性別と体格には有意な関連が見られませんでした。 鍛えていれば安全というわけでもありません。よく仕上がった選手も無縁ではなく、頻度が低いだけです。
起きてしまった人は何をしているか
経験者への調査では、楽になる対処法の順位はこうなりました。
- 深い呼吸——40%
- 痛む場所を押さえる——31%
- 患部を伸ばす——22%
- 前傾する——18%
レビューの著者らは、これらの手技の有効性についてのデータは一貫していないと述べ、痛みを止める最も確実な方法は運動をやめることだと指摘します。そして同じ著者らが、それは常に現実的でも、常に望ましくもないと認めています。
実践にどう落とすか
- スタートの2時間前からはしっかり食べない。 すべての資料で一貫して支持されている、唯一の推奨です。
- レース中は高張ではなく等張の飲料を。 濃縮果汁や濃く溶きすぎた粉末は直接の誘因です。自分で作るなら、濃いめにしないこと。
- 走りながら飲む練習をしておく。 レース当日に初めて試すものではありません。
- 胸椎まわりに手を入れる。 胸郭を開くことと姿勢は、オカルトではなく、数少ない確認されたリスク因子の一つです。
- 体幹と幅広のベルト。 レビューは、体幹の筋の強化と、支持性のある幅広のベルトの両方を、吊り下げ構造への負担を減らす方法として挙げています。

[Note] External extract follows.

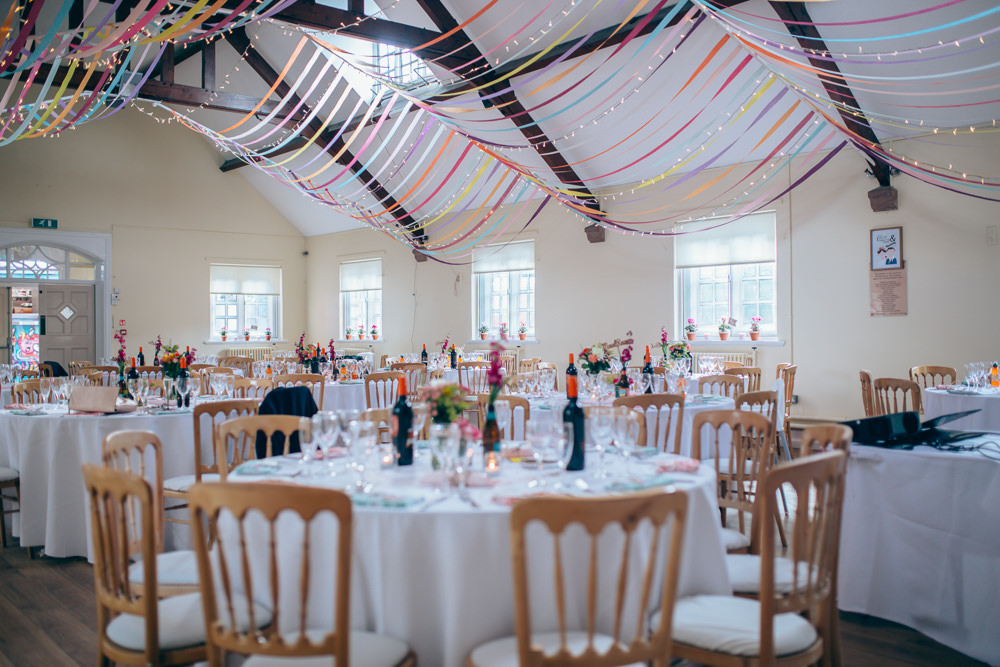 Ribbons Streamers Decor Colourful Ceiling Fairy Lights Village Hall Wedding Samantha Kay Photography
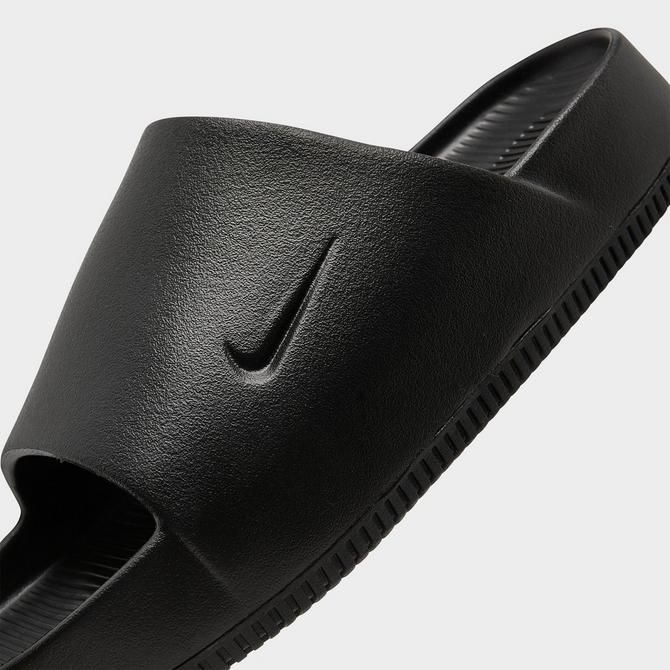 Black on black online nike slides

- 起きてしまったら: 大きく吸って、息を強く吐く。痛む点を手のひらで押す。前に傾く。全員に効くわけではありませんが、実際に人を助けているのはこれらです。
- 安静にしても引かない、別の場所に放散する、毎回必ず出る—— それはもうETAPではなく、受診の理由です。
要点
- ETAP は運動時の一過性の腹痛。ランナーの70% が過去1年に経験し、一つのレースでは 5人に1人 が見舞われます。
- 競技別では 水泳75%、ランニング69%、自転車32%——衝撃負荷は関係ありません。
- 七つの仮説のうち事実に最もよく合うのは 壁側腹膜の刺激。病因は公式には未証明のままです。
- 肝臓も脾臓も関係ありません。痛みは左右で同じくらいの頻度です。
- 最大の因子は年齢。 20歳未満で77%、40歳超で40%。
- 誘因は、1〜2時間前の大量の飲食、高張性の飲料、円背。圧痛は T8〜T12 のレベル。
- 緩和の手段は、深い呼吸(40%)、痛点の圧迫(31%)、ストレッチ(22%)、前傾(18%)。